Most women can recall the first time they were catcalled. Mine was when I was 13, walking alone in my home-town centre when two men in a van shouted out of their window that they would like to have sex with me. This did not remain an isolated incident. From that point on I experienced honking, shouting, and even being followed by men. Sadly, these instances of harassment became half expected when walking alone or within a group of girls.
Just last week, my friend and I were shouted at by a man on a bike by the entry of the alleyway that runs alongside Headingley Stadium. When we reached the other end of the alleyway, he had cycled around and was waiting for us to pass to comment on our bodies yet again.
Unfortunately, I am not alone in my experiences. A study by the Women and Equalities Committee found that 85% of women between the ages of 18 and 24 years old have experienced sexual harassment in public. Women and girls continue to endure this behaviour from some men who think they are within their rights to degrade and sexualise women, reducing them to the mere components of their physical beings.
The frustration of experiencing catcalling is further amplified by voices who tell women to take these incidences as “compliments”. Is it really a compliment for women to have everything about them disregarded except the outline of their bodies underneath their clothes? Their personalities and intellect deemed entirely irrelevant. Is that truly all they can be hoped to be judged by?
France, Belgium, and Portugal have all passed laws making catcalling and verbal sexual harassment punishable by large fines and in some more extreme cases in Portugal: a year in prison. Where other countries have acknowledged these acts as entirely inappropriate, the UK has not. In the UK, catcalling is still not against the law which produces an assumption that this behaviour is deemed to be acceptable.
The failure to protect women and girls against catcalling in the UK also has implications that reach much further than these uncomfortable experiences. Verbal sexual harassment and physical sexual assault are two very different things, however, they both lie on the same spectrum. When the behaviour on the less severe end of this spectrum is normalised, such as catcalling, the point of consequence is shifted further along. If harassment is only worthy of note when the incidents are more damaging to the victims, then it is already too late.

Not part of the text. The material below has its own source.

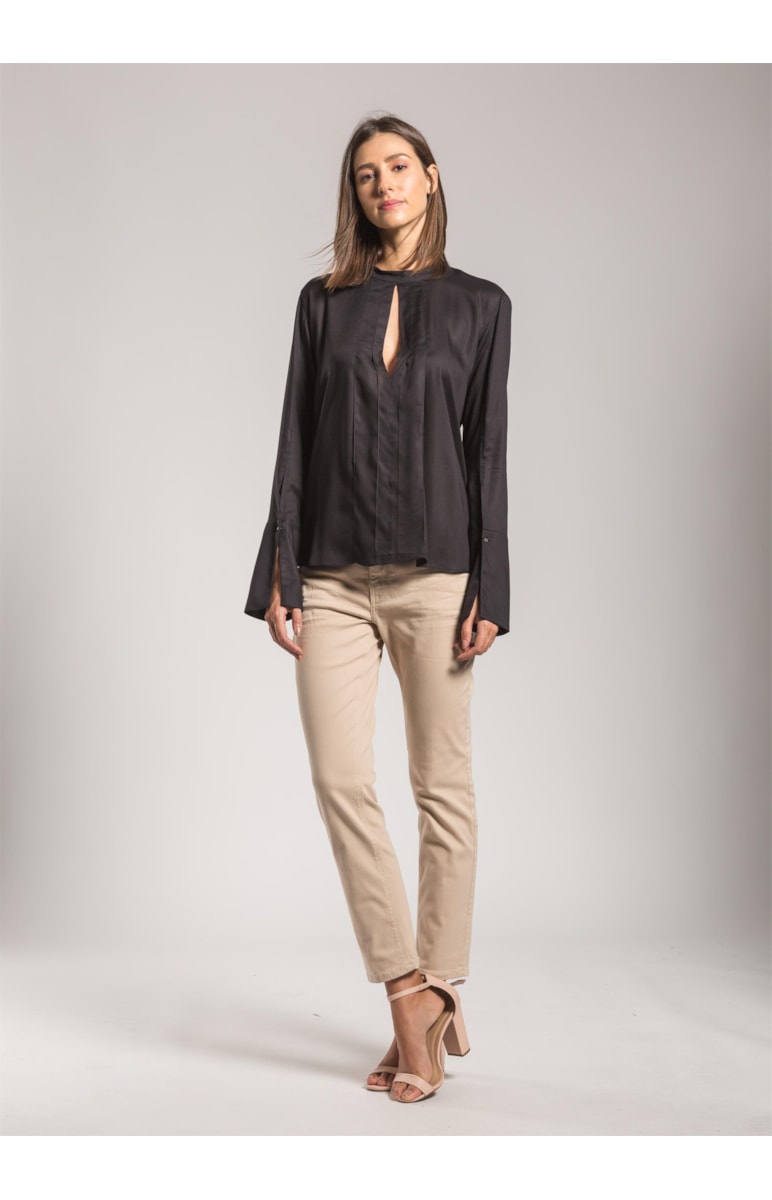 Camisa Viscose Maquinetada Preto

If the UK law were to criminalise catcalling it would set the standard that no behaviour anywhere along this spectrum is tolerated. By discouraging these acts at the less severe end of this spectrum it will propagate further along so that more damaging acts receive more of the outrage and disgust that they deserve, hopefully manifesting itself in an overall reduction of these crimes.

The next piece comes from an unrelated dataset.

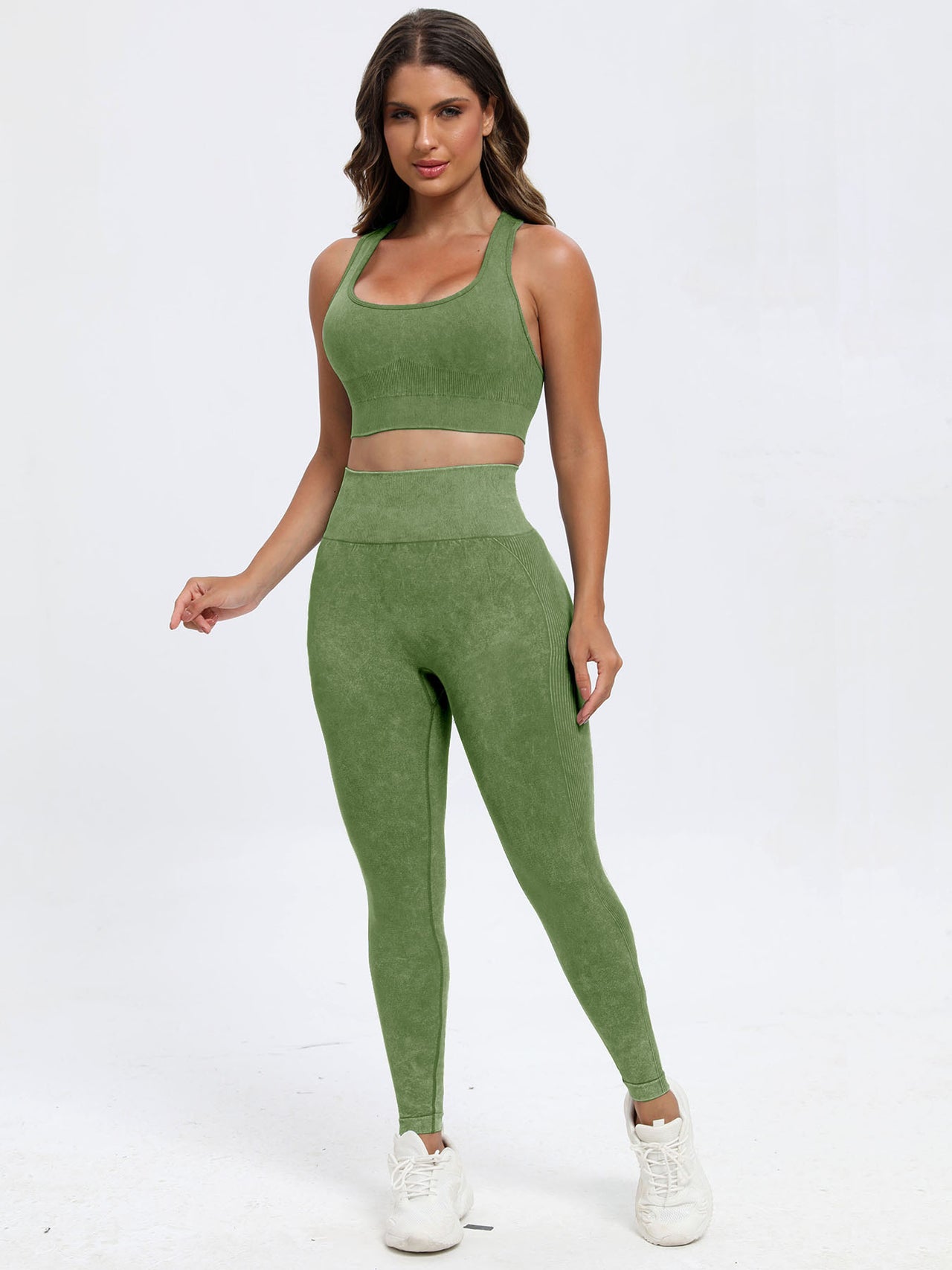 Scoop Neck Wide Strap Top and Leggings Active Set - 2 PCS. - T - 5 COLORS -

Catcalling has its roots deeply embedded in misogynism, where some boys and men are brought up to believe that women exist for their sexual gratification. Although no law will eradicate these mindsets on its own, they can help to initiate the shift in society’s attitudes towards them. History has shown us time and time again that change like this is possible. Of course, it takes time: it takes conversations and education, understanding and discussions, but a legal grounding would certainly not go amiss.